Write out each entry word for word.
======
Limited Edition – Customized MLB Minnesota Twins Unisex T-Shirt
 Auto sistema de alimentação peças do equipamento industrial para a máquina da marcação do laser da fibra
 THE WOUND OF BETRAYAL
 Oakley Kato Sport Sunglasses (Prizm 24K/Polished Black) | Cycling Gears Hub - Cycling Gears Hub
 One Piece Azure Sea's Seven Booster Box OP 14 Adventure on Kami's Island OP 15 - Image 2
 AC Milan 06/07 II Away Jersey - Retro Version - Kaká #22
======
*TASK SOLUTION*.
Limited Edition – Customized MLB Minnesota Twins Unisex T-Shirt
 Auto sistema de alimentação peças do equipamento industrial para a máquina da marcação do laser da fibra
 THE WOUND OF BETRAYAL
 Oakley Kato Sport Sunglasses (Prizm 24K/Polished Black) | Cycling Gears Hub - Cycling Gears Hub
 One Piece Azure Sea's Seven Booster Box OP 14 Adventure on Kami's Island OP 15 - Image 2
 AC Milan 06/07 II Away Jersey - Retro Version - Kaká #22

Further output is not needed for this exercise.